Preheat oven to 425° F.
~6c chopped (bite-sized) fresh vegetables of your choice (You can change it
every time! I typically use summer squash, carrots, asparagus, and the occasional mushroom)
~3 cloves garlic, minced (not pressed)
~salt and ground black pepper to taste
~7 oz (1/2 can) diced Muir Glen Fire-Roasted Tomates, drained & rinsed well
~1 16 oz package of extra-firm tofu plain or in a flavor of your choice,
drained and cubed (I love to use White Wave baked tofu in “Italian” or ~“Lemon Pepper”)

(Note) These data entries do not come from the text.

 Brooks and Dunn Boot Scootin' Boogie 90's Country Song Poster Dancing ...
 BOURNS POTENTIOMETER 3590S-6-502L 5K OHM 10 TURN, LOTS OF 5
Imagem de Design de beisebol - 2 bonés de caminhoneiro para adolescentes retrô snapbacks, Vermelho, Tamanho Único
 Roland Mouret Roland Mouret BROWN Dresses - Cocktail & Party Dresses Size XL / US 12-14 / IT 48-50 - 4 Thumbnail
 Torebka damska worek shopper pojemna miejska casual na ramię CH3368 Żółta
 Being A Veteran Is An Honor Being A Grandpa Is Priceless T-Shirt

~8-12 oz cooked whole grain pasta, drained
~¼ c fresh basil, loosely chopped
~vegan (or dairy) parmesan
1) Chop and rinse fresh vegetables and with the garlic to a 9x12 glass baking pan. In the pan, add amount of olive oil desired, along with salt and pepper, and toss well. If using just minimal oil, it’s best to oil or spray the baking pan separately prior to adding veggies.
Place in oven and roast uncovered, mixing once or twice, for 10-20 minutes or until veggies are to your preferred tenderness. I find that the longer they are in, the sweeter and more flavorful they are.

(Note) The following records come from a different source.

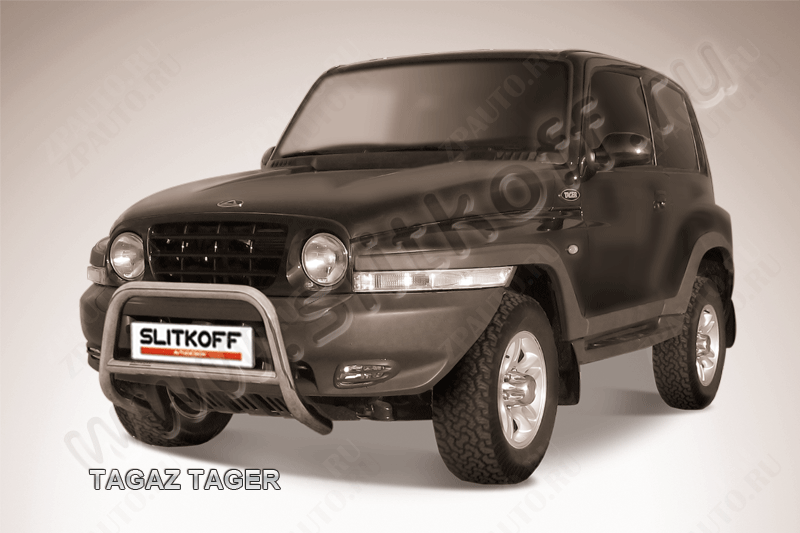 Кенгурятник d57 низкий TAGAZ Tager (2008-2012) , Slitkoff, арт. TAT008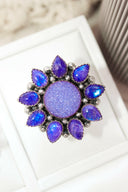 SUNSHINE Rainbow Moonstone Dyed Sterling Silver Rings | PREORDER NOW OPEN-Cluster Rings-Rae Collective, Women's Online Fashion Boutique Located in Phoenix, Arizona (Scottsdale Area)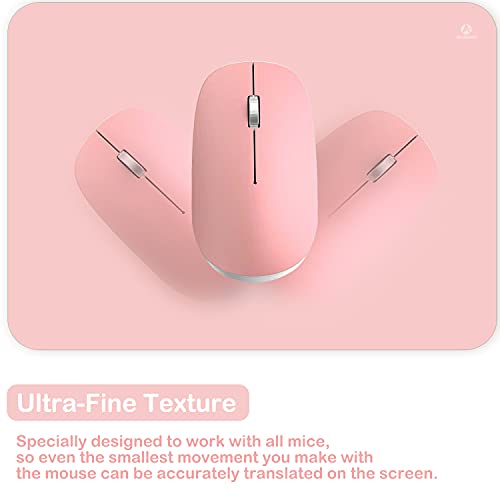 Image of Audimi Small Mouse Pad 6 x 8 Inch, Mini Mouse Pad Thick for Laptop Wireless Mouse Home Office Travel, Portable & Washable (Pink)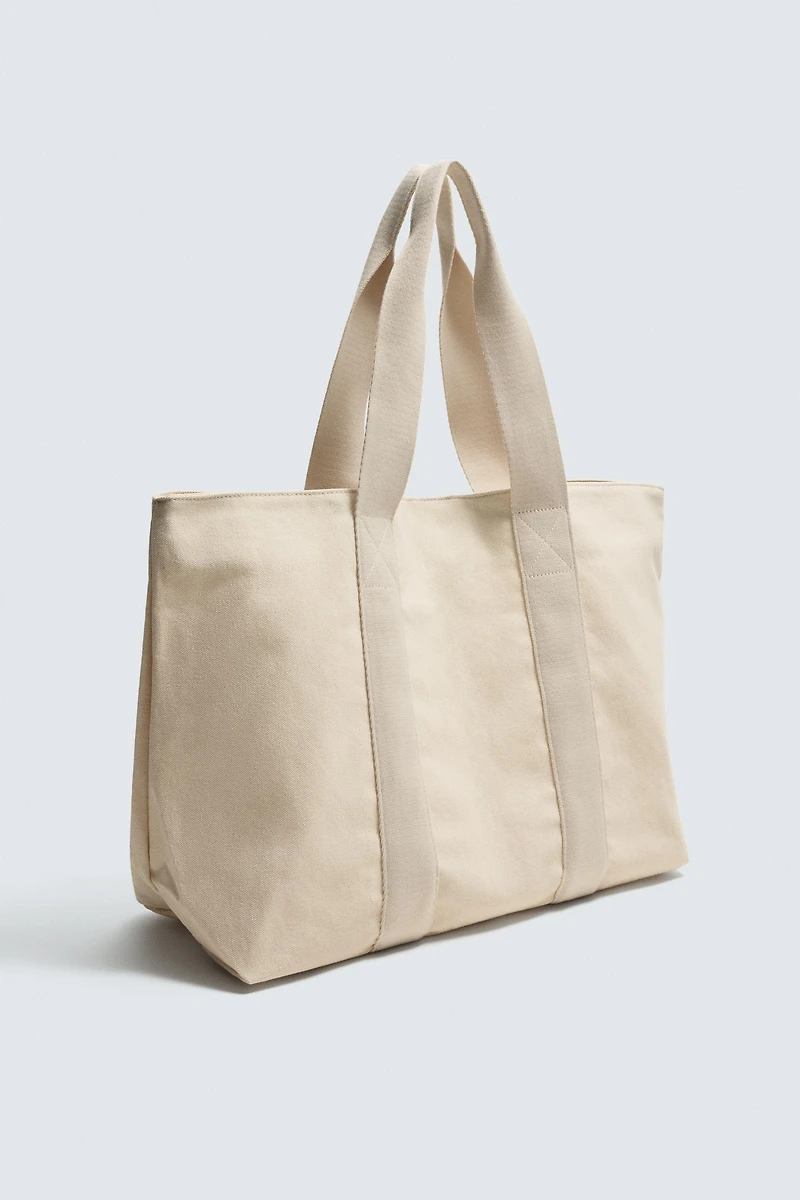 WOVEN SHOPPER BAG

2) While veggies are roasting, prepare water for pasta. Add pasta when water comes to rolling boil and cook according to package instructions. Turn off heat when pasta is al dente, and rinse just before veggies are done.
3) Also while veggies are cooking, use a large skillet or wok over medium heat to sauté tofu in a bit of olive oil until golden brown. Add tomatoes. Stir occasionally until tomatoes are just slightly caramelized.
4) Once veggies are cooked, add to tofu-tomato mixture along with drained pasta and chopped fresh basil. Toss well and allow to sit covered over low heat for 5 minutes to let the flavors blend. It may be necessary to add more olive oil here if pasta seems dry.
5) Divide onto plates and sprinkle with vegan parmesan and additional salt and pepper, if needed. Enjoy with a leafy green salad!